Direct X already has the Transform.World function


Transform.World is not a function. It's a matrix. And it does not transform the world; it transforms thing into the world's coordinate system (i.e., into the world).

When you submit a collection of vertices to be rendered (by any API), those vertices are assumed to be what is known as "model space," the coordinate space in which the model is conviently defined. For example, a cube is usually built in a model space where the origin (0,0,0) is the center of the cube. Humanoid characters may be built in a model space where the origin is at their feet.

A matrix transformation is applied to those model space points to bring them into world space, the coordinate system where (0,0,0) is the origin of the world and all objects are arranged relatively in it. In additional to specifying the location and orientation of all objects in the world (include both your plane and all the scenary objects that make up the actual visible landscape), you specify the location and orientation of the camera; the point from which you will ultimatley be viewing the rendered scene.

The location and orientation of the camera allows you to define a matrix transformation that brings the objects in world space into view space, a space where (0,0,0) is the location of the eye and the direction you are looking along is a specific axis (usually Z).

After this, a projection matrix transformation is applied to bring the geometry into what is known as clip space, and from there we move to normalized device coordinate space and finally window space, where rasterization ultimately occurs. These last two spaces are not really that relevant right now.

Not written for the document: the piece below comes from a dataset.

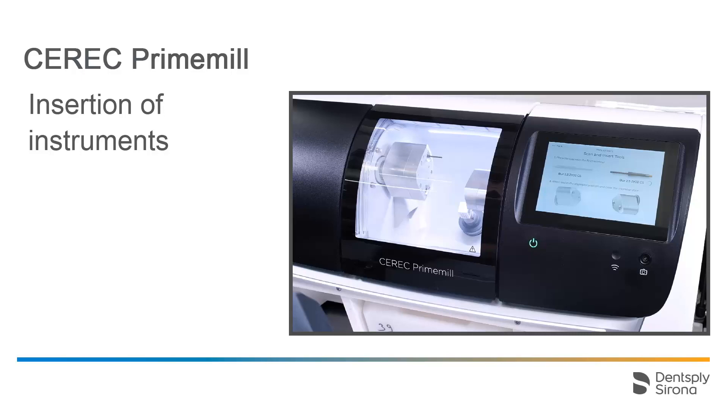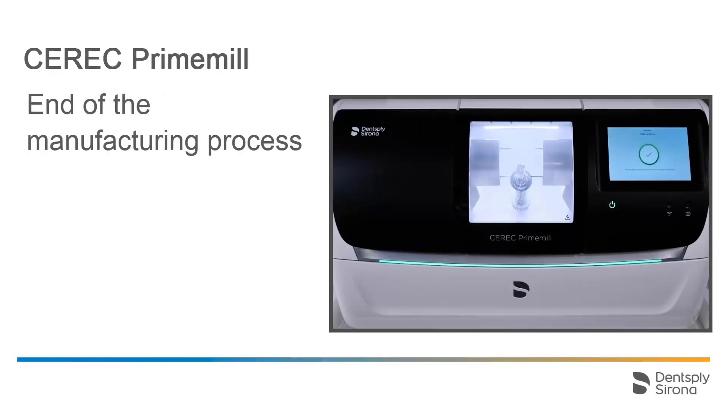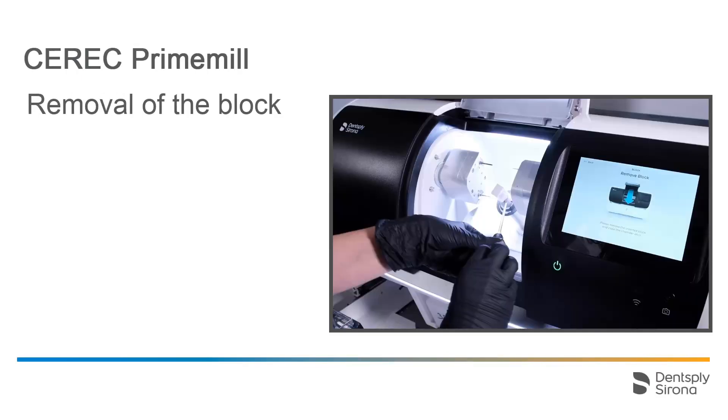At this point, we skip over the mounting of further instruments, the pre-touching process, and the manufacturing process of the restoration, and continue with removing the block after manufacturing. The completion of the manufacturing process is indicated by a green check mark on the touch interface, the bright green bar below the chamber, and the white light inside the chamber. To remove the block, we use the torque wrench again.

The first transformation is known as the "world transform," and that is what Transform.World is. It doesn't move the world, it positions and orients an object within the world.

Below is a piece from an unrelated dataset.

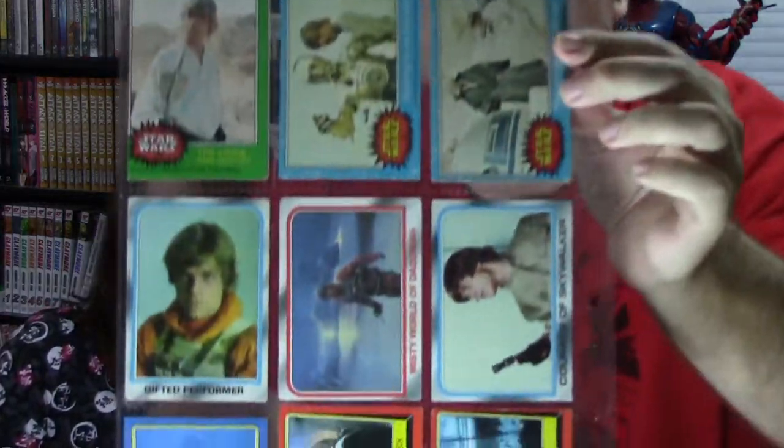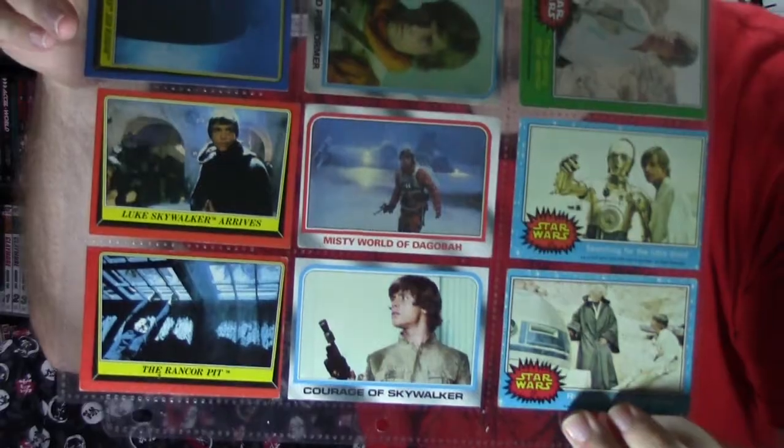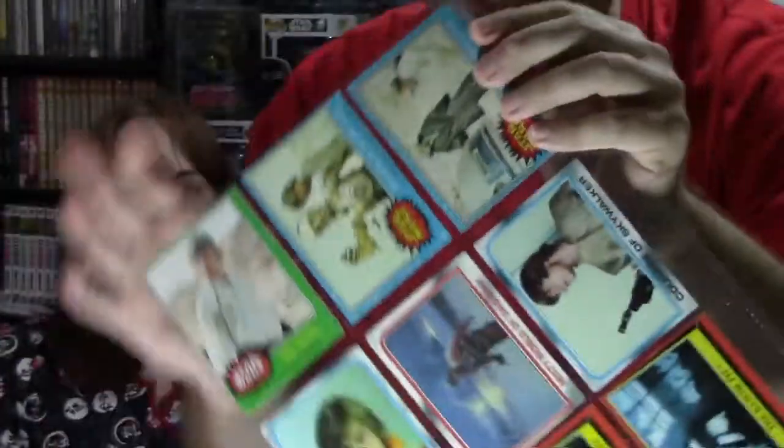And we got Archie vs Predator. If you guys haven't read this, it's awesome, it's fantastic. This is a comic we have and we've read, and it is absolutely amazing. And we got some Star Wars collectible cards — these are like the vintage Star Wars cards from back in the 80's. I used to collect these when I was a kid. That's freaking awesome.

The second transform is known as the "view transform."
The third transform is known as the "projection transform."

You can elect whether or not to interpret the viewing transformation as "rotating the world" or "rotating the view," but it is purely an interpretation. You don't really elect to "move the world around your plane" or "move the plane in the world" unless the plane also happens to be the point at which your camera is (in which case, why draw the plane?).

If you can, I would suggest picking up these books:
Fundamentals of Computer Graphics
The Geometry Toolbox

They do an excellent job of explaining what is going on here. Much better than any tutorial will.